Once the employer presents credible evidence that reasonable accommodation is not possible or practicable, the employee has the burden of coming forward with evidence suggesting that an accommodation may in fact be made. Prewitt, 662 F.2d at 310. Although Plourde contends that he met that burden, the court's conclusion that Scott could not accommodate Plourde without undoing the essential nature of the spare position, and that Scott met its burden in justifying the absence of reasonable accommodation is not clearly erroneous.
The entry is:
Judgment affirmed.
All concurring.
NOTES
[1] 5 M.R.S.A. § 4573(4) (1979) provides, in pertinent part, as follows:
4. Refuse to hire or discharge physically or mentally handicapped. Nothing in this Act shall prohibit an employer from refusing to hire or discharging a physically or mentally handicapped employee, or subject an employer to any legal liability resulting from the refusing to employ or the discharge of a physically or mentally handicapped employee, where the employee, because of the physical or mental handicap, is unable to perform his duties or perform those duties in a manner which would not endanger the health or safety of the employee or the health or safety of others....
[2] The court found that each department had jobs requiring the lifting of more than fifty pounds. Actually, the record indicates that the Product Quality Management Department did not have positions that required heavy lifting. However, during all of 1984, including the six months before and the six months after Plourde was turned down, Scott had opportunities to hire new workers in seven departments to fill entry-level spare positions. None of the spares who filled these positions worked exclusively in the Product Quality Management Department.

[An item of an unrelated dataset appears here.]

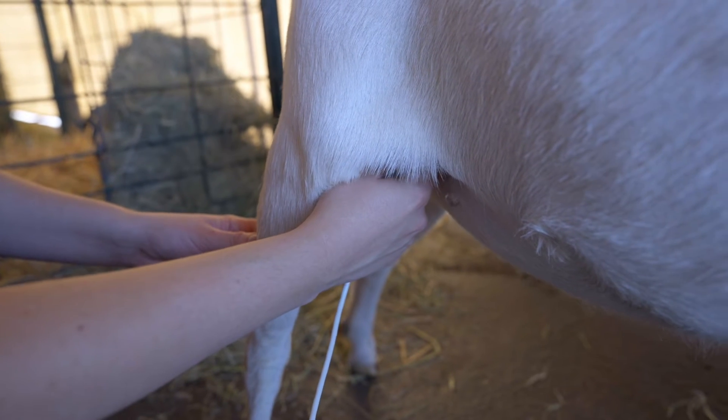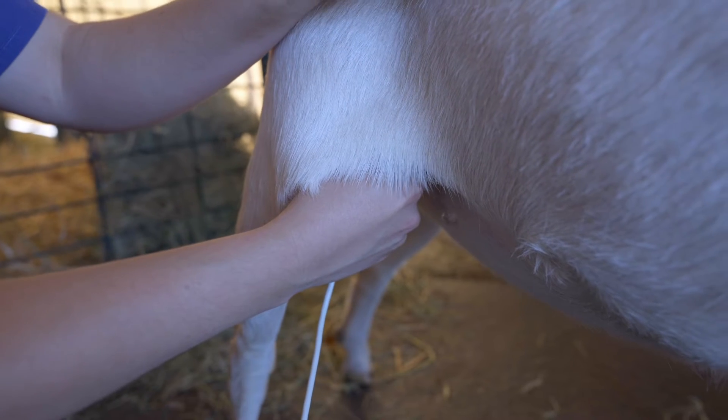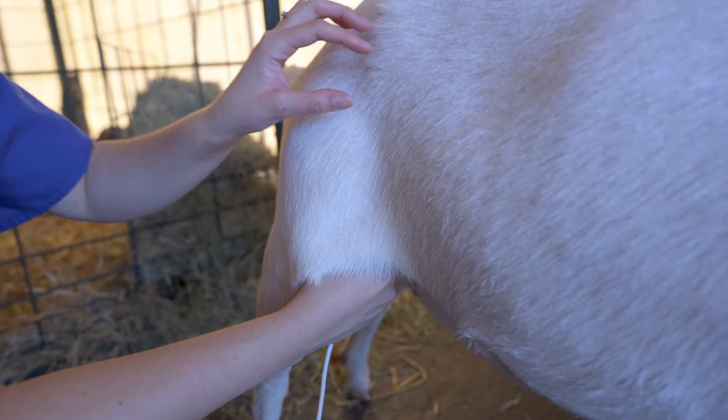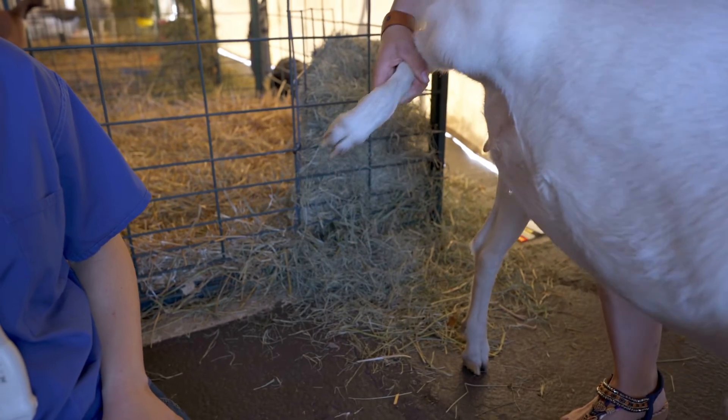I'll probably have to go quite high up underneath her leg and I'm looking for the uterus around about here. If you have somebody to help you, it's very useful if they can lift the back leg, folding it up so as not to put strain on the joint.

[3] Dr. Donald W. Wilson, Plourde's physician, testified that in his opinion, Plourde could perform safely the duties of a spare. The trial court was not required to and did not accept that testimony.
[4] In April of 1981, Dr. Wilson wrote in his progress notes that Plourde should never lift one hundred pounds again, but could, with improvement, "lift as much as 50 pounds." The fifty pound restriction was later adopted by Dr. Wilson as a "permanent" restriction. After Dr. Wilson became aware of Plourde's application for employment with S.D. Warren, he increased the restriction to one hundred pounds.
[5] Section 3.08(D) of the Maine Human Rights Commission Employment Regulations provides as follows:
It is an unlawful employment practice for an employer to fail or refuse to make reasonable accommodations to the physical or mental limitations of otherwise qualified employees or applicants for employment, unless the employer can demonstrate that a reasonable accommodation does not exist or that an accommodation would impose an undue hardship on the conduct of the employer's business.
[6] The bona fide occupational qualification defense is very narrowly construed, and when applicable permits an employer "to discriminate against an entire class of employees without requiring any individual assessment of each employee's abilities." Maine Human Rights Comm'n v. Canadian Pac. Ltd., 458 A.2d 1225, 1231-32 (Me.1983).
[7] The trial court also noted that federal regulations defining "qualified individual with handicaps" within the meaning of the Federal Rehabilitation Act, 29 U.S.C.A. § 794, uses language of a person who, "with or without reasonable accommodation can perform the essential functions of the position in question without endangering the health or safety of the individual or others." 29 C.F.R. § 1613.702(f). Although section 3.08(1) of the Maine Human Rights Commission Regulations does not include the words "essential function of the position," the court reasonably concluded that "the `otherwise qualified employees or applicants for employment' referred to in section 3.08(1) of the Employment Guidelines are those individuals who are capable or who can be made capable with reasonable accommodation, of performing the essential functions of the position."